Sunday, 1 November 2009

Personal Project Extract

I have, for the past year, being working on a personal project exploring traces and evidences of the Uncanny within the work of Guillermo del Toro. As personal research, this has fed directly into the writing of the forthcoming Study Guide on The Devil's Backbone as well as generating three potential texts for publication. What follows is a very rough draft from the conclusion of one of these essays, concerning the uncanny interrelationship between The Devil's Backbone and Pan's Labyrinth.

"Inherently integrated into all these elements is the possibility of the uncanny. Because del Toro works consistently within the genres of horror and fantasy – genres that specifically attempt to generate the uncanny feelings of fear and dread – it is perhaps very easy to suggest that the uncanny is indeed a more subtle but overarching auteuristic trait. Yet such a conclusion seems arbitrary and clumsy. A more focussed analysis would, of course, prove this either way, but for the purposes of this conclusion it is worth noting that the uncanny elements embodied by Jacinto and Carmen reverberate throughout del Toro’s oeuvre: this is most explicitly seen in Pan’s Labyrinth, a sequel of sorts to The Devil’s Backbone: in many respects the two films are uncannily related because they double themselves (almost to the point of déjà vu, of being a copy of each other) and bear similarity in character. Carmen, from The Devil’s Backbone, not only has her name doubled in Pan’s Labyrinth but also her castrating quality is echoed in Pan’s Labyrinth's Mercedes as she also emerges from her narrative as an uncanny woman: victimised and then nearly tortured by antagonist Captain Vidal, Mercedes assaults him with a paring knife, not only repeatedly stabbing him but inserting it into his mouth and slicing open his cheek.

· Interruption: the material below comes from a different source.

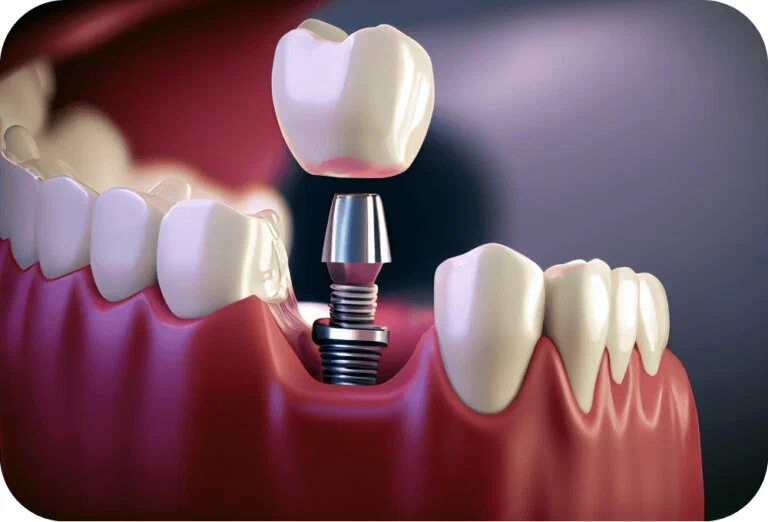 What Are the Dental Implant Side Effects?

This injury, like the one Carmen inflicted upon Jacinto, is not only a physical attack but also a castrating assault upon Vidal’s beauty and sense of masculinity. Throughout the film he is seen to be continually preening himself, forever looking clean, smart and in control. This appearance becomes a physical manifestation of his anger, violence, and power over the narrative’s other characters and so embodies a perversely ugly image of masculinity. Moments before Mercedes slices open his cheek, he verbalises this power by telling his officers to leave him and Mercedes alone. When questioned, Vidal spits out “For God sake, she is only a woman”. As he speaks, Mercedes draws her knife (a phallic weapon that mirrors Carmen’s equally phallic walking cane), ready to attack.

It seems logical that if Carmen is reflected in Mercedes, then Jacinto should be reflected in Vidal. As already stated, Vidal, like Jacinto, presents an image of masculinity that is, on the surface, attractive yet that very same masculinity is vile and thoroughly evil within that same person. Whilst Jacinto and Vidal share this quality, they also share a similar preoccupation with their past and in particular their childhoods: whilst Jacinto wants to destroy his past, Vidal is desperately trying to live up to his: throughout the film he is seen to be examing the watch his father held at the moment of his death. It preoccupies him, torments him, setting itself as a standard to be achieved. In his final moments, when faced by a group of armed Republicans, Vidal takes out his own pocket watch and crushes it, doubling his father’s actions at the moment of his own immanent death."